Youth groups across the Philippines called on political candidates in this year’s national elections to show “love for climate justice.”
The call was made as young Filipinos joined the global “climate strike” on Friday, March 25, to raise awareness about the impacts of the climate crisis.
“In our wave of protest actions today, we want to show that the youth and the Filipino people are serious about what we want this coming elections,” said Jon Bonifacio, national coordinator of the group Youth Advocates for Climate Action Philippines (YACAP).
“In the face of climate change, we need and deserve better leaders who can commit to immediate climate action for the sake of the people and the planet,” he said.

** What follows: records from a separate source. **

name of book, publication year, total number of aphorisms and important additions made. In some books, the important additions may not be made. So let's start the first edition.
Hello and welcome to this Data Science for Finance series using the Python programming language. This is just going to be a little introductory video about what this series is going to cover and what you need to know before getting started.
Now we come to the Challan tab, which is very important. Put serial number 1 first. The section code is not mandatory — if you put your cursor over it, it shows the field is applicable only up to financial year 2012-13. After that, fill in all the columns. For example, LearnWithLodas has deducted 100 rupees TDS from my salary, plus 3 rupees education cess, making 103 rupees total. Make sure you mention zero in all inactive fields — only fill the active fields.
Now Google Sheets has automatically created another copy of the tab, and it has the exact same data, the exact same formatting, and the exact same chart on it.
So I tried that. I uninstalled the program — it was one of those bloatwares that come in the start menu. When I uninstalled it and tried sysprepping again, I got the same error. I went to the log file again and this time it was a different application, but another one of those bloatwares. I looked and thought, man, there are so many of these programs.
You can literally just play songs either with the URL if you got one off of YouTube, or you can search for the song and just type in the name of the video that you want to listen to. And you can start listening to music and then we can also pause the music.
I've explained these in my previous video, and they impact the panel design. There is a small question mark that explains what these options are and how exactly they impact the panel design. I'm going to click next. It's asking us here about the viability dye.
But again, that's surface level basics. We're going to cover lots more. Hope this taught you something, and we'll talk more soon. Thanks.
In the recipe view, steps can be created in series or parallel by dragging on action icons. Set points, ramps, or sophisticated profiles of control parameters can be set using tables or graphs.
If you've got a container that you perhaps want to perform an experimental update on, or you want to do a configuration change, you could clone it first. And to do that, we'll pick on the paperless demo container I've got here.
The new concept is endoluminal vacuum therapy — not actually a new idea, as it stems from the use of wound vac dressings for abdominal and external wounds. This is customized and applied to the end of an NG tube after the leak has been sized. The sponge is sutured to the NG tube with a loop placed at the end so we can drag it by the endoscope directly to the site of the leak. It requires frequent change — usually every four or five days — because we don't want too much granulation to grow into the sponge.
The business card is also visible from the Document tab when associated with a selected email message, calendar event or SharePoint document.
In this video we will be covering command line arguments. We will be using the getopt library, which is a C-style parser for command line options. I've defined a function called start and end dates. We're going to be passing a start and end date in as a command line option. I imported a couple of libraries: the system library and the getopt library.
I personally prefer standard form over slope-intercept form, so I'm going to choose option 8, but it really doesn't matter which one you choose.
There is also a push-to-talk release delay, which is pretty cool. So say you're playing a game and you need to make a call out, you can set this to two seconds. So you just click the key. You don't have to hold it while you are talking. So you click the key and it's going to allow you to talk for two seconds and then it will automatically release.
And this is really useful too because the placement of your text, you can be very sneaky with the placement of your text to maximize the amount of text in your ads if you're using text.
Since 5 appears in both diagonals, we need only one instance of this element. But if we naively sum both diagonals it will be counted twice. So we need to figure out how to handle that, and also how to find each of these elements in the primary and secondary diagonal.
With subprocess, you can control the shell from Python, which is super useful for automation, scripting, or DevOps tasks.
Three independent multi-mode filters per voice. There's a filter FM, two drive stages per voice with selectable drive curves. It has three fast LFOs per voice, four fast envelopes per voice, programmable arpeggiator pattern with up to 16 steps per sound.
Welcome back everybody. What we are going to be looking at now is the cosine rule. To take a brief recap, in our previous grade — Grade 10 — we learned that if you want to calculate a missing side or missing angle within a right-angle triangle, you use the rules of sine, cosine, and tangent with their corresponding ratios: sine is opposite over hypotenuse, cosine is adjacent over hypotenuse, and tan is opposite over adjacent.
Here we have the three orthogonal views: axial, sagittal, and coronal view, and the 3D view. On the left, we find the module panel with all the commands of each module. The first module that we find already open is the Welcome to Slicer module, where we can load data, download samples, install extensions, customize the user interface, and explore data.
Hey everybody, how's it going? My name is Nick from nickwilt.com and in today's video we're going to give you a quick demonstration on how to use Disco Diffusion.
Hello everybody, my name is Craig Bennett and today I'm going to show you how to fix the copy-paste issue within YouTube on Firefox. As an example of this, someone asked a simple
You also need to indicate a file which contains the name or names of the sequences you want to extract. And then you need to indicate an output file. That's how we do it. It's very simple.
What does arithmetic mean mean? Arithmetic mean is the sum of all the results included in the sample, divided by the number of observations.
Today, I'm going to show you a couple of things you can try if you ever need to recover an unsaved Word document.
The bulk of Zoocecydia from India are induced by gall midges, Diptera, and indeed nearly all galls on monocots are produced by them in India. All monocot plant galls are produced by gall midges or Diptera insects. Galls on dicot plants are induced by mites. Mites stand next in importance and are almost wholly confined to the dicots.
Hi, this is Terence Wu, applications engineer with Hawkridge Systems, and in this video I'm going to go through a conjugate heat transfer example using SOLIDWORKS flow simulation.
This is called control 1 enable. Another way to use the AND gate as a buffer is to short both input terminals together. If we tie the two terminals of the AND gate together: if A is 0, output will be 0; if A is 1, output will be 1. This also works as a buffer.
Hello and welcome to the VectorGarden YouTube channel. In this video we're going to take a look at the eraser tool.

Greenpeace has earlier noted that even as the Philippines is among the most climate vulnerable countries in the world, “the climate crisis is still not a priority election issue.”
“And even while millions of Filipinos suffer from climate impacts year after year, justice remains elusive for communities that are bearing the brunt of the climate emergency through loss of lives, homes, and livelihoods,” said the environmental activist group.
In statement, Greenpeace noted that only one among the 10 presidential aspirants in this year’s elections is “staunchly championing” the cause of climate justice.
“Climate change, especially climate justice, should be an issue for the youth in this election,” said Mark Anthony Yabis of the Better Normal Youth Movement.
“We live in a generation where climate change affects our daily lives in different ways, like it or not, as a result of decades of wrongdoings from the biggest polluters and contributors to climate change,” he said.
Various youth groups also wrote “love letters” to local and national candidates to ask them to be champions of climate action. The letters will be delivered to the candidates to see how they will reply.
Together with the youth, Greenpeace is calling on presidential aspirants to stand up for climate justice by “acknowledging how the burden of climate impacts — loss of lives, homes, livelihoods — are borne by those least responsible for the climate crisis;” and “calling on big polluters — fossil fuel companies and developed nations — to be accountable for their role in fueling the emergency, and to fulfill their obligations to those who are impacted.”
“Climate issues affect all of us, regardless of our affiliations, where we are, or whatever sector we are in,” said youth leader Joanna Sustento.
“We are in a state of emergency, and yet most of our candidates don’t even seem concerned about the climate,” said Bonifacio of YACAP.
“Our next set of leaders need to put climate and the environment on the agenda, and start talking about what we can do to adapt to and mitigate climate change,” he said.